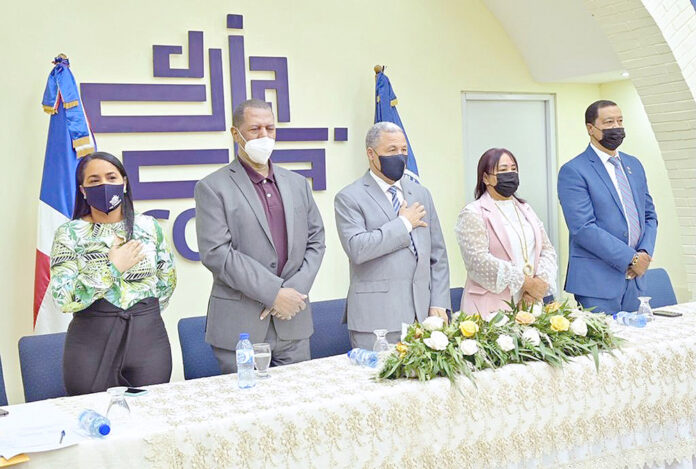 Destacan el papel de la minería para atraer inversiones El Caribe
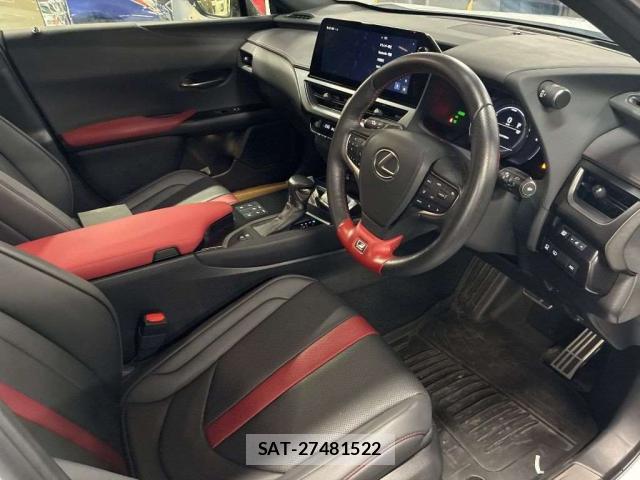 Lexus UX 2023-05 8648989-11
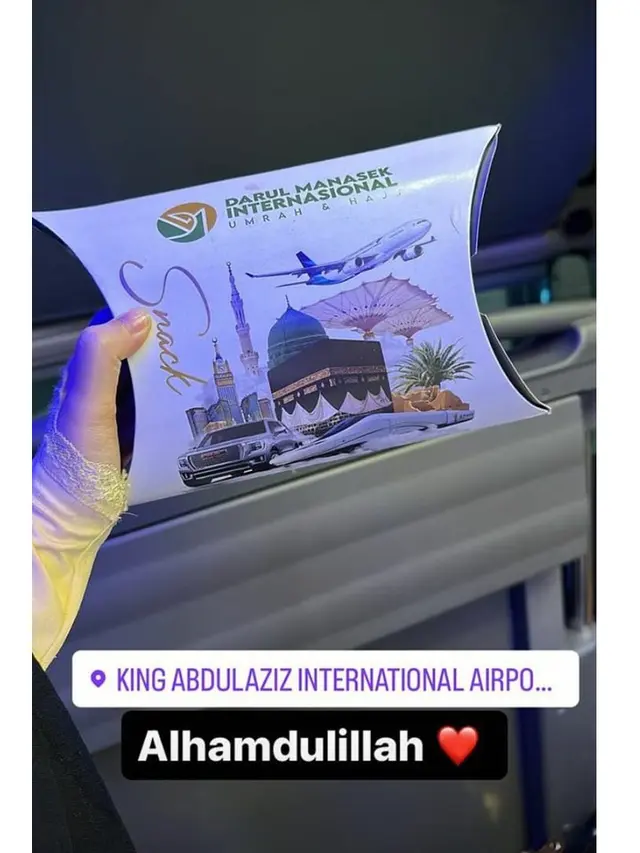 7 Potret Happy Asmara Jalani Umroh, Penampilan Berhijab Curi Perhatian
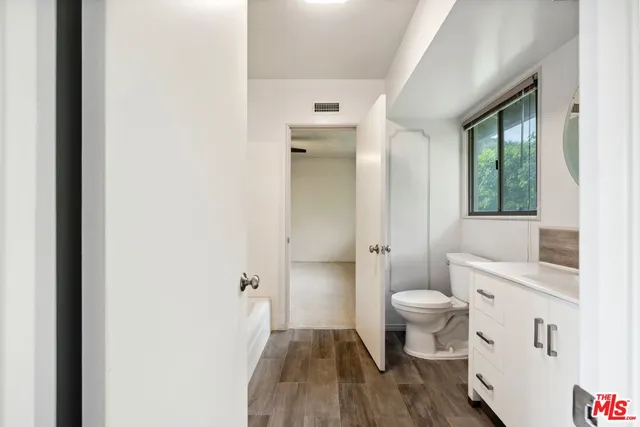 $2,999,000 | 15901 High Knoll Road, Encino, CA 91436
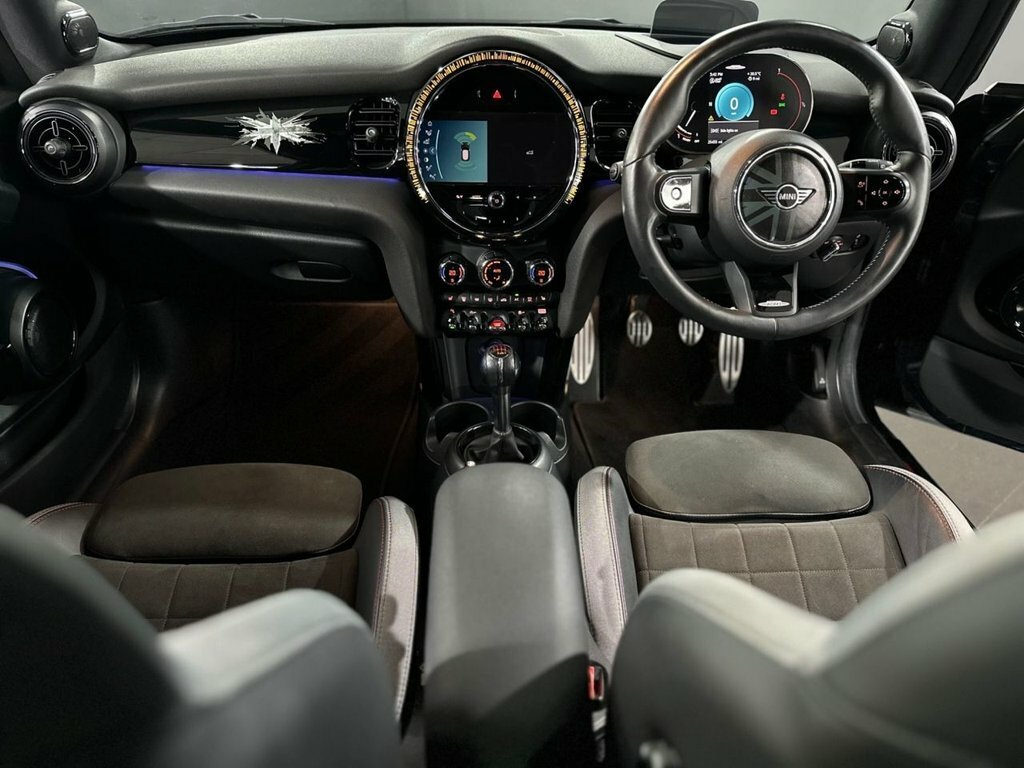 Mini Hatch 2L John Cooper Works DX22NPC Black #3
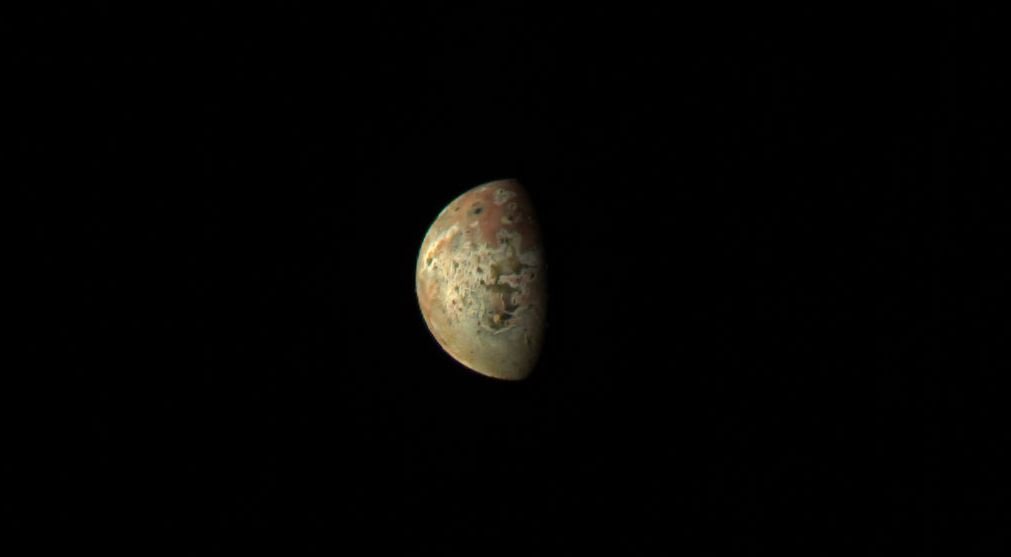 A imagem apresenta detalhes impressionantes de Io; recentemente, a Juno completou a 51ª órbita ao redor de Júpiter.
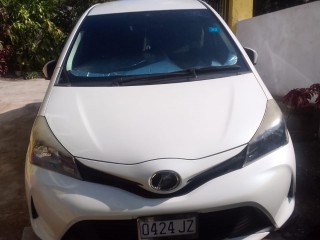 2013 Toyota Vitz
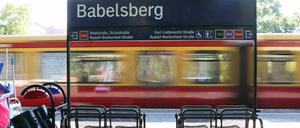 Bahnhof Babelsberg: Noch fährt und hält die S-Bahn hier.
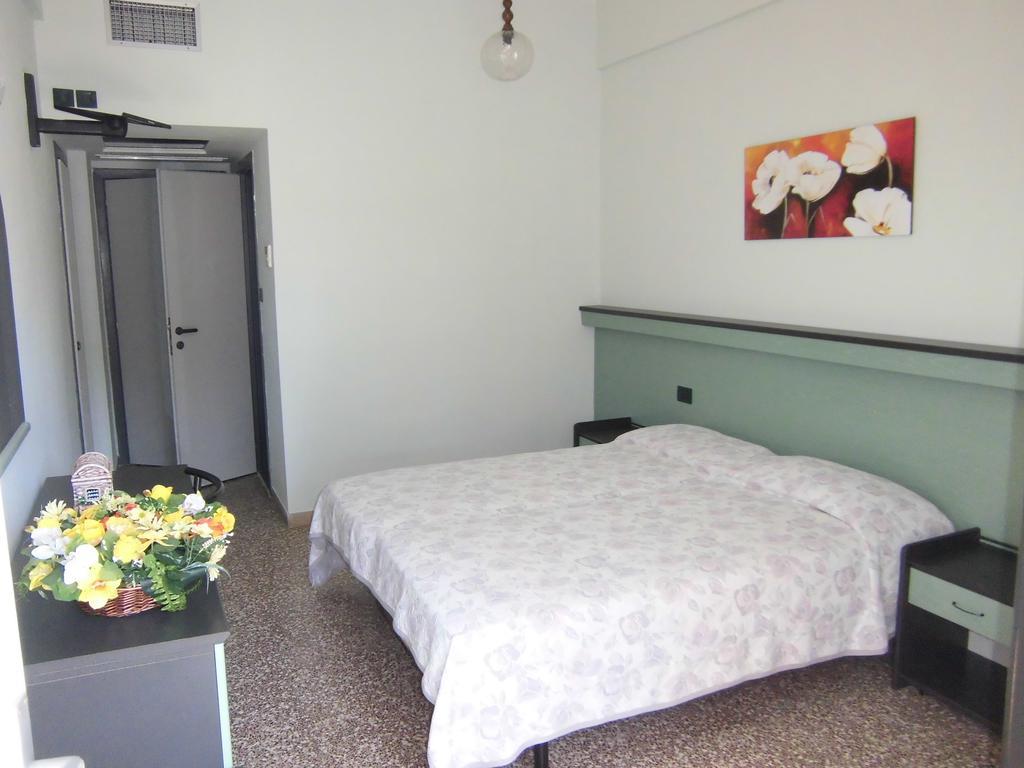 Hotel Palm Beach Lido di Jesolo Room photo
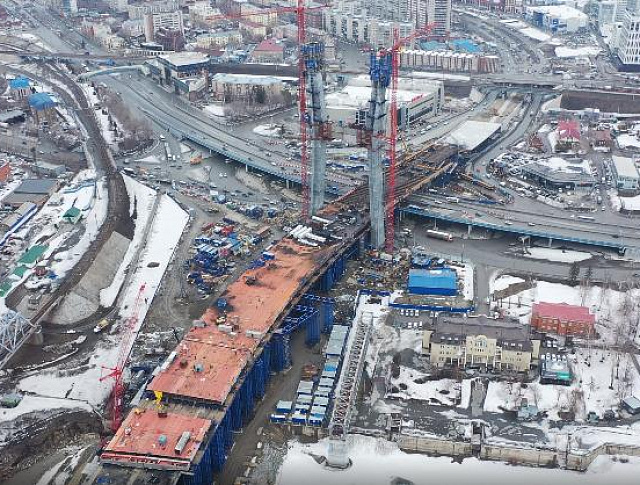 Группа «ВИС» завершила сооружение пилона вантового моста в Новосибирске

****************************************

TASK TO CARRY OUT ▸ An exact copy of all the entries above is required, with every picture left out.

TASK RESPONSE ▸
 Destacan el papel de la minería para atraer inversiones El Caribe
 Lexus UX 2023-05 8648989-11
 7 Potret Happy Asmara Jalani Umroh, Penampilan Berhijab Curi Perhatian
 $2,999,000 | 15901 High Knoll Road, Encino, CA 91436
 Mini Hatch 2L John Cooper Works DX22NPC Black #3
 A imagem apresenta detalhes impressionantes de Io; recentemente, a Juno completou a 51ª órbita ao redor de Júpiter.
 2013 Toyota Vitz
 Bahnhof Babelsberg: Noch fährt und hält die S-Bahn hier.
 Hotel Palm Beach Lido di Jesolo Room photo
 Группа «ВИС» завершила сооружение пилона вантового моста в Новосибирске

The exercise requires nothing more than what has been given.